The only way I know its not just me bitching is easy!
We have a cat who lives in the kitchen. Whenever Talks McSqueeky comes in, Binky (the cat) gets under the chair and watches her... with her ears flat against her head.
The dogs won't hang with us if we are in the living room - I found them upstairs. This had NEVER happened before. To be downstairs means party time to these lab mixes... and they take stairs to NOT be with us???
Oh, and we've had people over who give us "you've GOT to be kidding" looks when they meet her.
And the roomie who gave her the go ahead to move in without so much as us UpStairs Girls knowing her name or move in date? Completely oblivious to the problem because they are mutated from the exact same strand of the demon spaun of inconsiderate bleached blonde twits who need guys to drool over them to feel worth while - the only difference is one will sleep with them and the other won't.

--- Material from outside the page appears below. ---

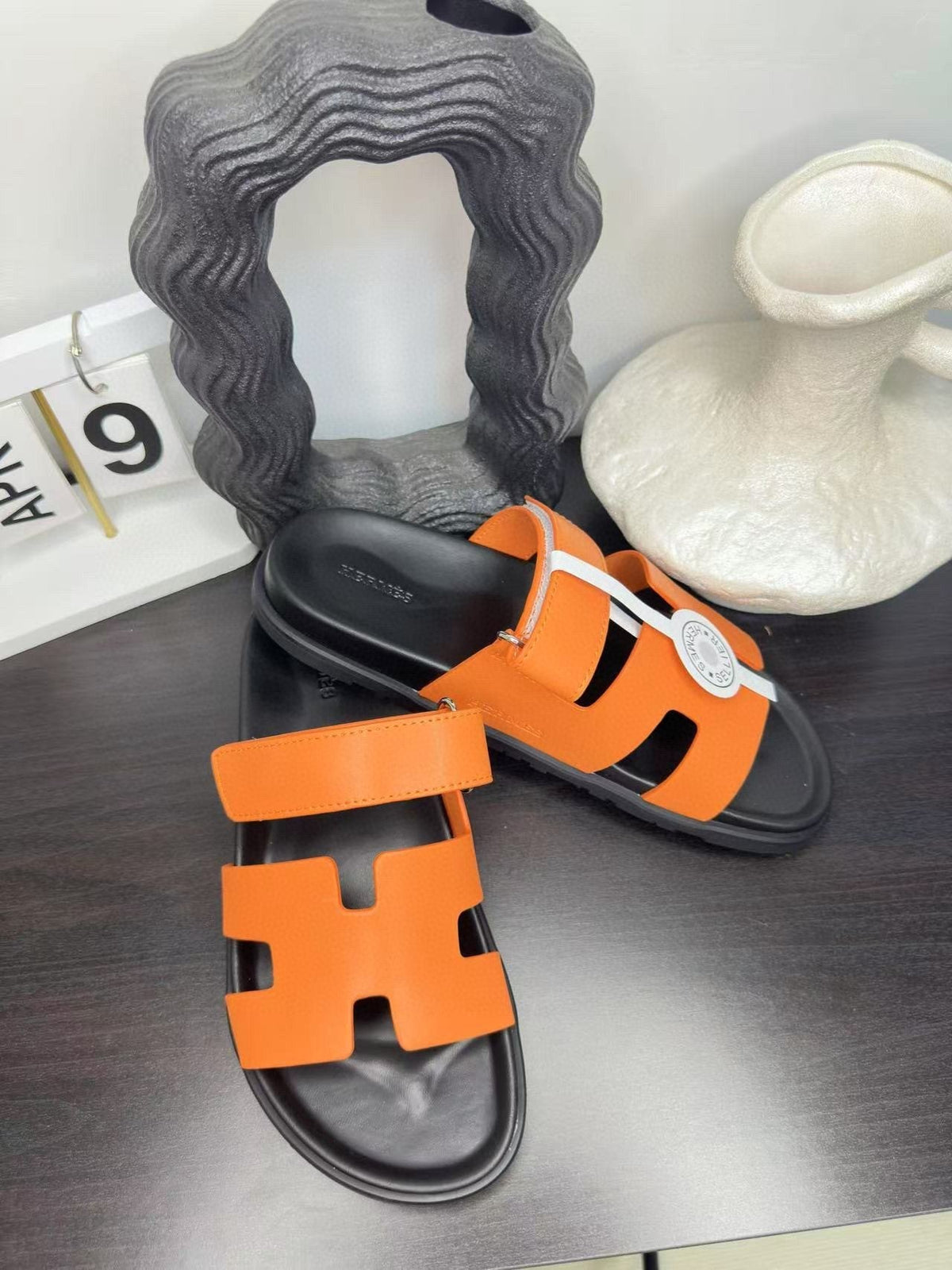Hermès Orange Interwoven Slide Sandals — front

In other news - My Sidebar Is Fixed!! Miraculously, I stirred up the code in the Template and the preview nor going to the side lent any satisfactory solution... then I check my emails today and I get Congrats and Whatsamatta's ... and come on over and Its Back Where It Belongs!!
I'm so glad to not have this waiting to be fixed and PROMISE to check my picture sizes and linked-like-this-sentances before hiding all my links at the bottom of the screen again =)
There's more, but maybe later, my finger nails are starting to get long and if I beat them on the keys too long they break =( Plus, I have to go read your blogs!!